その日の夜、遅くまでで仕事をしていた私は気がつくと会社に一人になっていた。いつもは宇田賀も遅くまでいるのだが、今日は用事があるらしく早めに帰ったのだ。外からは聞き慣れた波の音が響いている。窓から差し込む光の明るさからすると、今日は満月のようだ。私は帰る前に紺の様子を見ようとプール棟へと向かった。だが、途中から私の足は実験用プールではなく、その横のフルダイブVRルームへと向かっていた。イルカではなく、少女の方の紺に無性に会いたかったのだ。
この頃には、仮想世界へのフルダイブは現実世界側で作業する人がいなくても慣れれば一人で出来るようになっていた。宇田賀が改良したのだ。私はデスクのコンピューターを操作し、紺の右側の脳をフルダイブさせた。フルダイブさせる脳は一回ごとに左右を入れ替えることにしている。紺は突然のフルダイブに驚いているかもしれない。早く行ってあげないと。私は中央の椅子に座り、急いで自らをフルダイブさせた。そう、急いでいたから、うっかりしていた。わざとではない。

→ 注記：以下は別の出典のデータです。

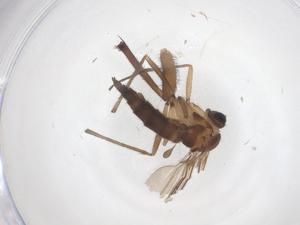  ( - CBG-A53135-E01)  @11 [ ] CreativeCommons - Attribution Share - Alike (2024) Centre for Biodiversity Genomics Centre for Biodiversity Genomics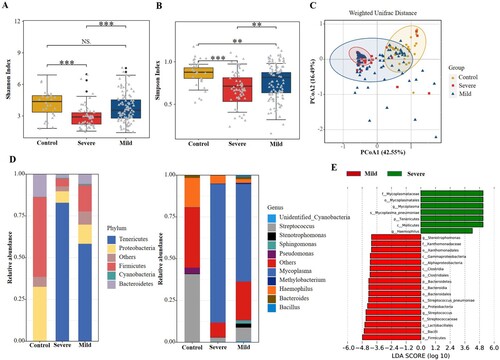 Figure 3. Comparisons of respiratory microbiota in Control, severe MPP, and mild MPP groups. (A) Alpha diversity was evaluated by the Shannon index. (B) Alpha diversity was evaluated by the Simpson index. (C) Principal coordinate analysis based on the Weighted Unifrac matrix. (D) Relative abundance of respiratory microbiota at the phylum and genus level. (E) The species with significant differences in abundance between the mild and severe MPP groups by using LEfSe analysis. MPP, Mycoplasma pneumoniae pneumonia patient; Control, other bacterial or viral pneumonia. ***P < 0.001.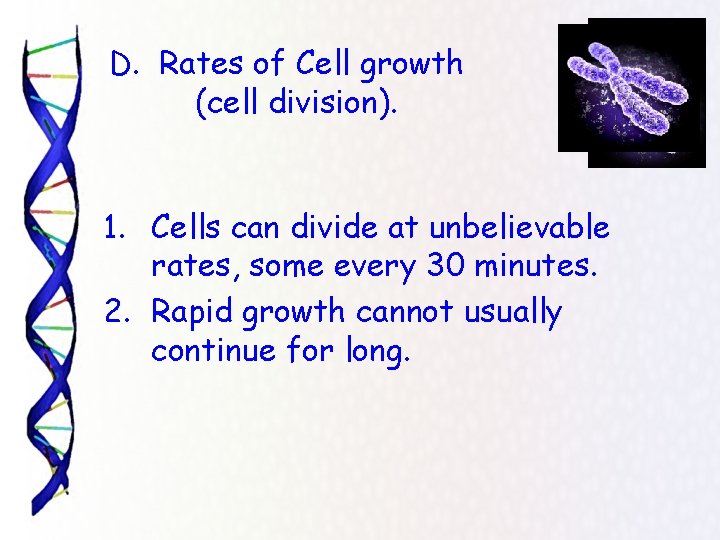 D. Rates of Cell growth (cell division). 1. Cells can divide at unbelievable rates,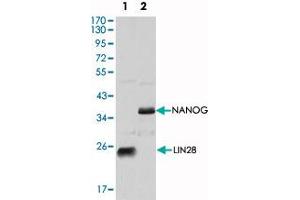 Western blot analysis using LIN28 monoclonal antibody, clone 6D1F9  against NTERA-2 cell lysate. (LIN28A 抗体  (AA 93-209))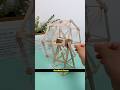 Ice Cream Stick Se Bnaye Ferris WHEELS Lifehack Tricks Viralvideo Icecreamstick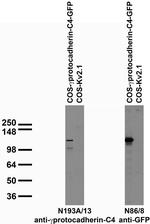 Gamma-Protocadherin-C4 Monoclonal Antibody (N193A/13)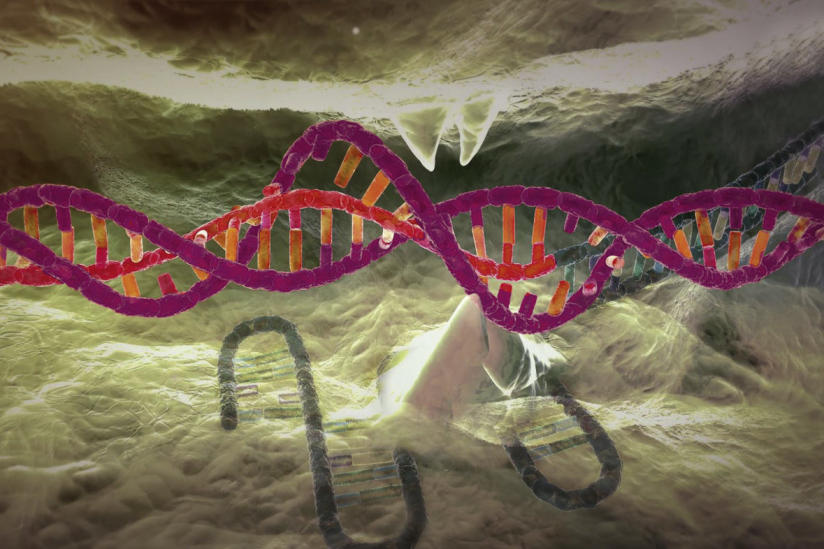 CRISPR-Cas9 hat die Genom-Editierung revolutioniert.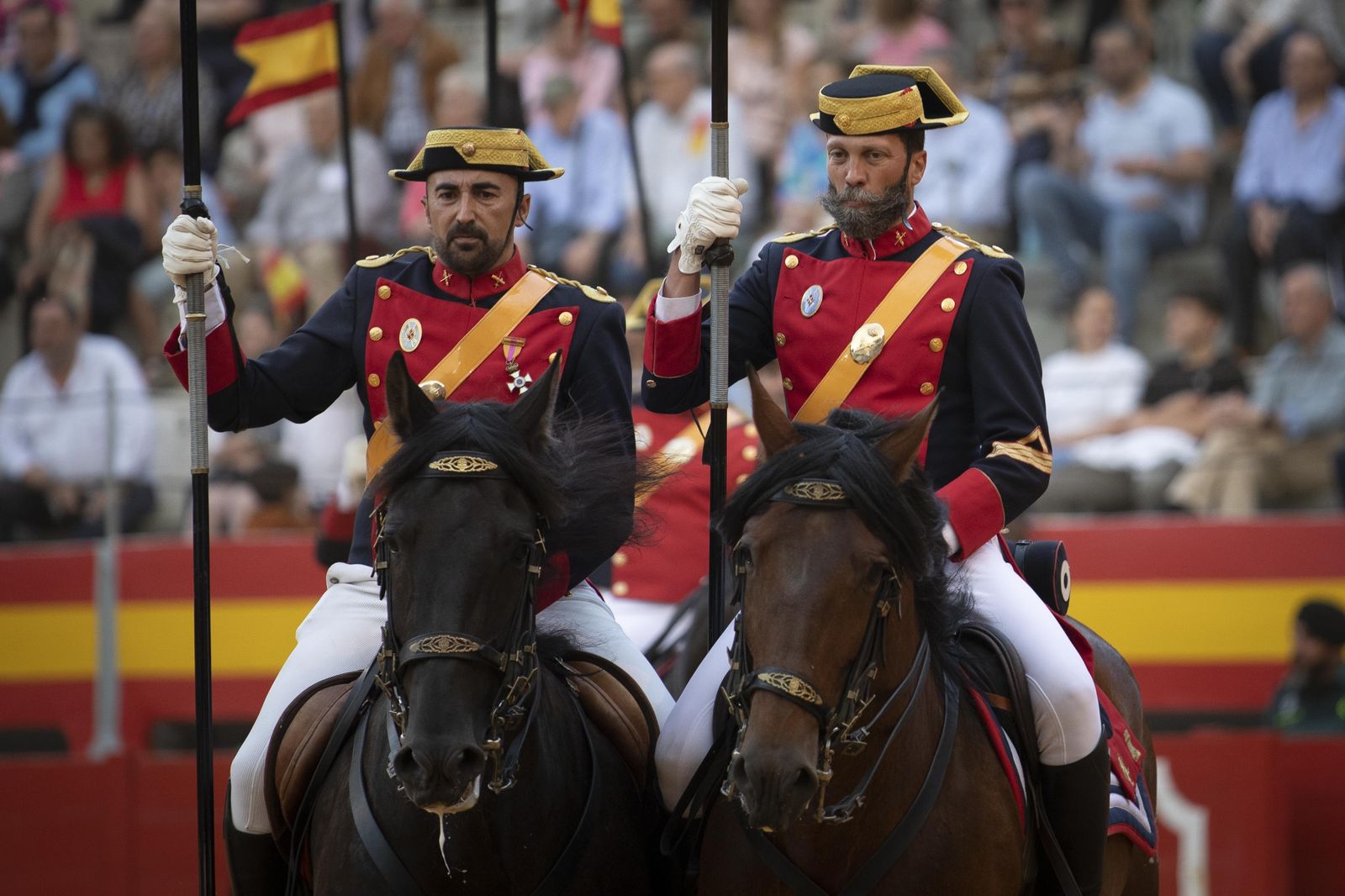 La exhibición del Ejército en la Plaza de Toros de Granada, en imágenes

仮想世界で目覚めた私は違和感を覚えた。体が軽い。自らの腕の細さを見て、私は間違いに気がつく。私は鹿島さんのアバターにフルダイブしていたのだ。
「え? あ、これはまずいな」
聞き慣れた高い声が出た。ただ、息の出し方が違うのだろう。本物の鹿島さんとは声の調子が違う。少しツンとした感じが足りない。なかなかに興味深い。私が横を見ると、壁の鏡には鹿島さんが映っていた。
「……」
私は鏡に近づき、自分の――鹿島さんの顔を――覗き込んだ。本物の鹿島さんはもう少し目尻が上がっている印象だ。顔の筋肉の使い方が違うのだろうか。
――しかし、鹿島さんは美人だな。
私は鏡に映る顔に見惚れていた。頭の向きを変え、様々な角度で顔を見た。次に、少し離れて全身を鏡に映した。胸がドキドキしていた。背徳感に溺れながら、私は鏡の中の女性から目が離せない。その女性は今、自分と同じ動きをしている……
「みりに、何してるの?」
飛び上がるほど驚いた。バイタルデータを確認するまでもなく、私の心拍数は急激に上がっているはずだ。話しかけてきたのは紺だった。当然だ。私は紺に会いにきたのだから。私がさっきフルダイブさせたのだ。
「あ、紺……わかるの?」
「あるいたときの音が、みりに。わかる」
「そ、そうか。そうなんだ」
紺がすぐに旭美理仁だと見抜いてくれたことが嬉しかった。紺は不思議そうに鹿島さんの体を纏う私を見つめていた。
「ゆうこをたべたの? だから、ゆうこになったの?」
「ち、違うよ。すごい発想だね。また変な映画見たのかい? 裕子さんはいるよ。間違えて入っちゃったんだ」
「ふーん。でも、おいしそうに見てた。さっき」
「美味しそうに、ね……あながち間違ってはいないかもね」
「わあ」
紺はなんだか嬉しそうにパタパタと部屋を走り回り始めた。私は慌てる。
「ちょ、ちょっと待って、違う、嘘だよ」
「うそ、ってなに?」
「ええと……とにかく、さっきの事は誰にも言わないで欲しいんだ」
「なんで?」
紺は首を傾げる。
「鹿島さんが、ええと、裕子さんが怒るからだよ。ここからいなくなっちゃうかも知れないよ」
「ゆうこはおいしい。いなくなるのは、おいしくない」
「そうだろ。だから秘密だ」
「ひみつ?」
「誰にも話さないでほしい、ってことだよ」
自分が話すたびに鹿島さんの声が出て、本物が現れたのではないかとソワソワする。紺は頷いた。
「わかった。さかな、欲しい」
「いくらでもあげるよ。いや、それは健康に悪いか……来月から少し高いやつに変えよう。美味しいよ、きっと」
「わあ。よくわからないけど。おいしいなら、いい!」
紺は嬉しそうに両腕をブンブンと振った。私はいつもより小さな口から息を吐く。
「じゃあ、約束だよ。戻ろうか」
「わかった、えへへ」
私は仮想世界から現実に戻ってすぐに周りを何度も見回し、誰かがいないか耳を澄ませた。幸いにも、うっかり忘れ物を取りにきた人がいたりはしなかったようだ。私は紺のフルダイブを解除して魚をたっぷりとあげてから、急いで帰宅した。
鹿島さんを纏った時の体のフワフワした感じが忘れられず、案の定、その日の夢で私は鹿島さんになっていた。詳しい内容は覚えていないが、楽しい夢だったのは覚えている。